Esmer, ince ,  uzun takriben  35-40 yaşlarında nereden gelip nereye gittiğini bilmediğim bu hayvan dostu  gencin merhametine her zaman şahadet edeceğim. Onun çabaları sayesinde  semtimizde bir tek insanın  hayvana,   bir köpeğin bir insana karşı tacizi   olmamıştır. 

Allah'a hamdolsun, bu hayvanlarla sulh ve sükun içinde yaşayıp gidiyoruz. 

Belediye ekibi ile köpekleri arkada bırakıp denize doğru yürüdüm. 

Yolda aziz dostum, arkadaşım semtimizin çiçek abilerinden Ataner Bey’i    halk ekmek büfesine  giderken gördüm. Kendisi makina mühendisi olup  semtimizin  arif ve zarif  nadir  insanlarındandır. Yardımseverdir.  Okumaya, edebiyata meraklı bir adamdır. Dev gibi bir  cüssesi, kuş naifliğinde  bir yüreği  vardır.   

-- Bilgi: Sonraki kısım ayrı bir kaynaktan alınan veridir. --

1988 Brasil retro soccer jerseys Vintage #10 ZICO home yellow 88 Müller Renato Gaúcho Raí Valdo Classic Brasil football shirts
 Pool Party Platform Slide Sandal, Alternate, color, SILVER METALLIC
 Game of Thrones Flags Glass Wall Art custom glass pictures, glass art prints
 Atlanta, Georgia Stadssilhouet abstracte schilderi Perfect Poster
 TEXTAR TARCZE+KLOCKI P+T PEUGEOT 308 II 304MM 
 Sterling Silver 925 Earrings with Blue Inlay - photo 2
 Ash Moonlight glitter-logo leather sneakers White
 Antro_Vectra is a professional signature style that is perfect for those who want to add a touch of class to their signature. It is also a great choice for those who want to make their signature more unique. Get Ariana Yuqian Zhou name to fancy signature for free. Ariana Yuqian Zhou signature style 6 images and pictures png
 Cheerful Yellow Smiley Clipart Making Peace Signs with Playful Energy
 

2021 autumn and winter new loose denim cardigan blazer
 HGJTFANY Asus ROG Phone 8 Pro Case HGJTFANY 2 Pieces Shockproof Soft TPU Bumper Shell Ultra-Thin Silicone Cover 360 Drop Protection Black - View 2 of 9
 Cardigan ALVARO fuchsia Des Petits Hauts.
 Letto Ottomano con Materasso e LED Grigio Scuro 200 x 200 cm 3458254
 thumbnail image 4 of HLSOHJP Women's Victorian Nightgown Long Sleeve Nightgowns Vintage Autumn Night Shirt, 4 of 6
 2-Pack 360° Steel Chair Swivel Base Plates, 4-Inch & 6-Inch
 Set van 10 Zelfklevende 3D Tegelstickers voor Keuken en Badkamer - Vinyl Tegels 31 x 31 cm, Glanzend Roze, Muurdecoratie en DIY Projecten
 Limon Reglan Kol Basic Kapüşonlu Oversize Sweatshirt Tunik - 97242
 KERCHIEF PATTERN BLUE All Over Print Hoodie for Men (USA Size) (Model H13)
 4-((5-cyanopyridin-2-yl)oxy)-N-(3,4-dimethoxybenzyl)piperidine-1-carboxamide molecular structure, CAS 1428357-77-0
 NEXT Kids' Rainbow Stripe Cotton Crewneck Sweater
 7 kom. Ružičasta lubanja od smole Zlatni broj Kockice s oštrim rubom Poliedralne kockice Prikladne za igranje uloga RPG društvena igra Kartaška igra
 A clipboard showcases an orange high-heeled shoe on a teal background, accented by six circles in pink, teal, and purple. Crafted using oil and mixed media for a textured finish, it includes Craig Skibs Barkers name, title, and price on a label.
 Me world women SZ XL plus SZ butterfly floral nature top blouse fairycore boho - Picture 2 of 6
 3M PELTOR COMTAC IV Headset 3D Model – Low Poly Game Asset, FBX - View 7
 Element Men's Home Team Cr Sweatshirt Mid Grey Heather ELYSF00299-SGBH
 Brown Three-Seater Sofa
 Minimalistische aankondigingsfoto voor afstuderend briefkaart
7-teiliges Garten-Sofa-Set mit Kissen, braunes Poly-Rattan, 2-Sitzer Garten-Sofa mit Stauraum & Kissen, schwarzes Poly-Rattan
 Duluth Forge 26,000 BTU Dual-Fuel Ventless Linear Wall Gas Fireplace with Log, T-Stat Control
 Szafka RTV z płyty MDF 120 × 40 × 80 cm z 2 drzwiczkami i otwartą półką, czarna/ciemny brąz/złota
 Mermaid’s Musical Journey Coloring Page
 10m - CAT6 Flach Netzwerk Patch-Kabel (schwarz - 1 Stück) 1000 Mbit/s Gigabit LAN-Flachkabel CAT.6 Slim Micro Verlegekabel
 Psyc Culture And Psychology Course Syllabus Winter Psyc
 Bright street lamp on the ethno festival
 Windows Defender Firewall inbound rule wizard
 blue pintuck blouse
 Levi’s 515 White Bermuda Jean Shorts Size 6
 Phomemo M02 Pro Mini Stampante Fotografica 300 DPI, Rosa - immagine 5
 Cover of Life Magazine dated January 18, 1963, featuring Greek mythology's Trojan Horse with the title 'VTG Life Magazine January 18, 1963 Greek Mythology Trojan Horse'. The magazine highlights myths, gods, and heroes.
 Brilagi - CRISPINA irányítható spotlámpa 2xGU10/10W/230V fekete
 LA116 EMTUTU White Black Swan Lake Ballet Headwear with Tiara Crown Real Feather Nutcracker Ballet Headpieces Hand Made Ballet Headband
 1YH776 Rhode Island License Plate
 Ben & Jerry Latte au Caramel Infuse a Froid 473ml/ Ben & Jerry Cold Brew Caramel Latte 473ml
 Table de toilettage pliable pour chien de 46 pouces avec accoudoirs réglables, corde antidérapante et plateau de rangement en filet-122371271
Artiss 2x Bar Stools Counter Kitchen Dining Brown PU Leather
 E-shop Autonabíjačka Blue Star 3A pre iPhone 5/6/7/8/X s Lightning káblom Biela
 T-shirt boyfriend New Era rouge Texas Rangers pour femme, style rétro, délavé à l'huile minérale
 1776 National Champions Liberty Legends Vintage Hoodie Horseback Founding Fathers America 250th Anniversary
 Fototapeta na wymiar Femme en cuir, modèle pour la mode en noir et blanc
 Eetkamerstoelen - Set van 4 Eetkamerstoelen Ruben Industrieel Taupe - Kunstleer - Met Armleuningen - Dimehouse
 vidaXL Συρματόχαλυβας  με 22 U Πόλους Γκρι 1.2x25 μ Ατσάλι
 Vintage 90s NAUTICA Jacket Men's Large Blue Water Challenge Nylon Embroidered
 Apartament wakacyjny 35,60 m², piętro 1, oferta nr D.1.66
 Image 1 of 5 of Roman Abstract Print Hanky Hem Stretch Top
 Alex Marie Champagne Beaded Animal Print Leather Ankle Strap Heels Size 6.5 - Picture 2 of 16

Elindeki poşete baktım. Ataner  Bey  nüktedan, şakacı bir adamdır ; 

“Adamın  biri, yolunu   kesen bir köpeğin taciziyle karşılaşırmış. Köpek adamın  elindeki poşeti koklamadan bırakmazmış. 

Hatta bir keresinde adamı ısırmış da.  Adam da poşetin içine bir taş koymuş köpeğin önünden öyle geçmeye başlamış.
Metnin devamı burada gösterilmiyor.